Hay tardes en las que la curiosidad no se pasea por los pasillos del Prado ni se esconde tras las luces de un macrofestival. Tardes en las que la cultura se encarama en un espacio en obras, en un patio lleno de cables, en una baldosa que te devuelve un espejo incómodo: “eres muy sensible para ser chico”. La del sábado, en Las Cigarreras, la cultura fue exactamente eso: un laboratorio abierto donde lo inesperado se convirtió en certeza.
¿Qué certeza? dirás… pues esa que hace que una tarde se presente como un «elije tu aventura» con cuatro páginas – no incompatibles – a elegir: en La Trasera con el resultado de la última sesión de Ficciones Compartidas, o una experiencia sensorial derivada de atravesar un túnel donde ciencia, arte y militancia se dan la mano en un pulso con Alicante.
En el resto… la vida se convertía en una especie de exposición viva, como un motor encendido que resuena a un tempo marcado por el presente: Ilustraciones desbordando, trazos que parecían voces, y un coño de expresión sincera, necesario, que reclamaba espacio ¡Tía!

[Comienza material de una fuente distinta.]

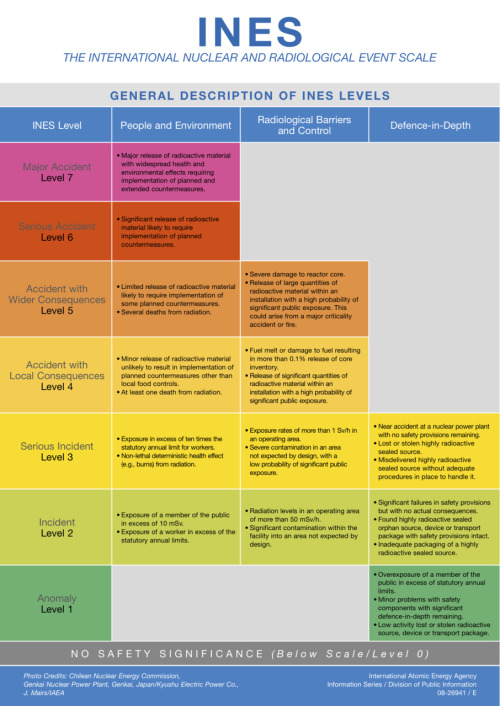 scipsy:  The international nuclear and radiological event scale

En medio, la Batalla del Ruido: niños garabateando frases como si jugaran a descifrar el futuro, humo de colores que se colaba entre los recovecos del patio, y adultos que se quedaban quietos, perplejos, leyendo mensajes mínimos en el suelo que, sin embargo, te desarmaban.
Dentro, en la Caja Blanca, Lo que Brota cerraba ciclo. Una despedida sobria, pero cargada de esa fuerza que solo da lo que se despide en su mejor momento. Y, la verdad, fue muy divertido imaginar que personaje de juego de roll seríamos…

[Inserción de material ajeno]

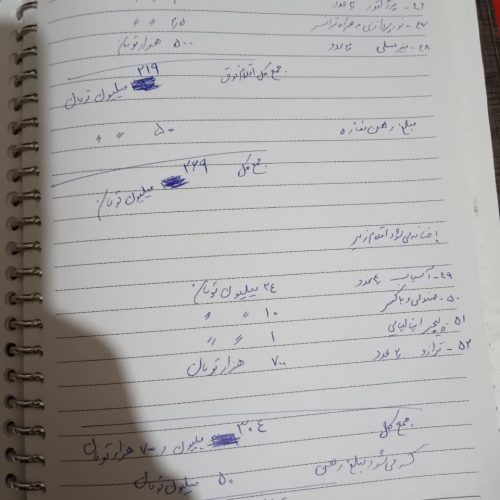 فروش لوازم کافه به صورت یکجا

Eso es lo que me gusta de Las Cigarreras, que no se preocupa por agradar, sino parece, más bien, tener la intención directa de provocar. Y ahí está la clave: nadie le da nada mascado al espectador. Se confía en la curiosidad, en esa capacidad de cada cual de dejarse atravesar por el desconcierto.

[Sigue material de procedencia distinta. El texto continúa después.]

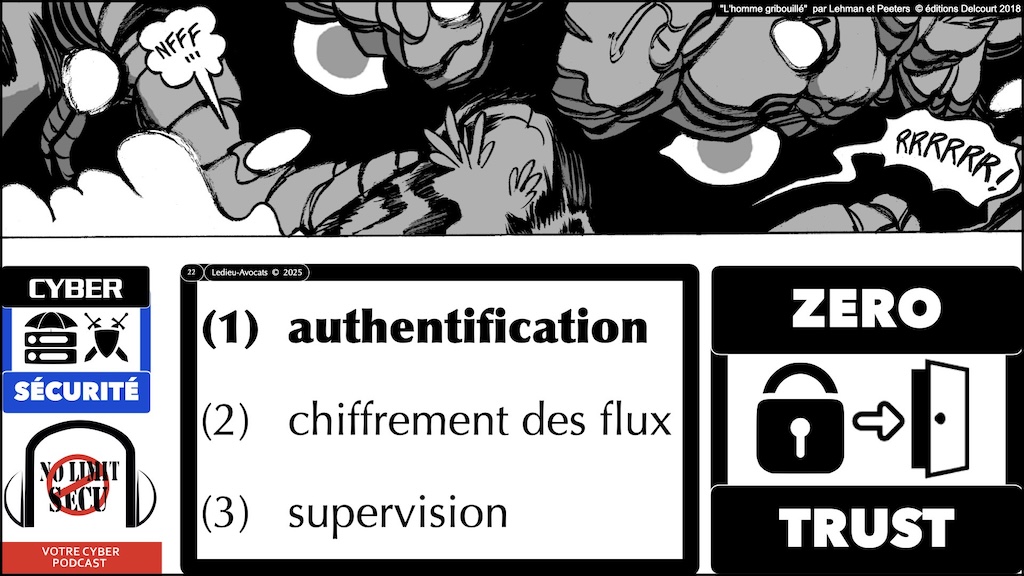 #623 NIS2 ZERO TRUST et prestataire IT sous-traitant - QUI doit faire QUOI ? QUI est responsable ? [FIC Forum In Cyber 1er avril 2025] © Ledieu-Avocats 22-03-2025.022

Y así, con 500, quizá 1000 personas deambulando entre propuestas, se rompieron clichés. Porque dime tú dónde habías visto antes a alguien componer música con un tendedero. O a un saxo sacando matices que Kenny G no soñaría ni en su siesta más húmeda. O una mesa de pedales, cables y bajos electrónicos convertidos en una performance que te golpeaba en el pecho, en el estómago, en el gusto. Kicks y punchs que abrían grietas en la rutina. Ruido, sí, pero un ruido que era construcción: ruideras insondables que revelaban belleza en la saturación.
Salí con la boca abierta, con una cajita de @cerezlou y una niña feliz de la mano, más o menos, como todos los que se acercaron a despertarse de la siesta de una forma alternativa, estridente y sensible.
Salí convencido de que lo cultural no es una vitrina ni una experiencia empaquetada, sino una chispa que activa la sensibilidad propia. Y que espacios como Las Cigarreras son la prueba militante de que lo inesperado, cuando se comparte, se convierte en comunidad. Algo de lo que Alicante, se supone que adolece… o eso quieren que pensemos.